What surprised you most about this finding?
In total we found almost 1 Million credentials in a few days and unencrypted cryptocurrency wallets, but even more surprising is that the collected credentials were also for government sites which will allow the criminals to easily steal the identity of the victim and use it outside of the cyber arena. This is a unique technique that allows a criminal with minimal knowledge to achieve access to a large amount of sensitive data and steal money from victims with minimal efforts and with almost no risk of being caught.
What can organizations do to protect themselves from attacks like this?
Organizations should follow cyber security best practices to protect themselves from the original hacker's attack. Once the data is stolen, they have less control over where it is published. The mitigation of the publication of data in a public dataset should be done from the vendor\dataset owner like removing or disallowing uploads of files that contain sensitive data.

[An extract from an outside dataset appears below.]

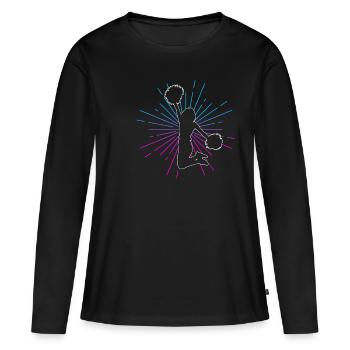 Cheerleader Cheerleading Design Sport Pompons Chee - Frauen Premium Bio Langarmshirt - Schwarz - Vorne - Julia (174cm)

Do you expect that we will see this type of attack in another form in the future?
Attackers will always try to find the loophole and break the chain by its weakest link. In the Windows exploitation world, the cost from a memory corruption vulnerability to a working 0-day exploit increased to a level that forces the hackers to look for easier and more profitable vectors. They began to use logical bugs like Log4j, social engineering tricks and even a few
ago started using Microsoft Office files (a method that was common 20 years ago). We believe that we will see this trend surge when the cost of attacks increase sto a level that will force hackers to think out of the box.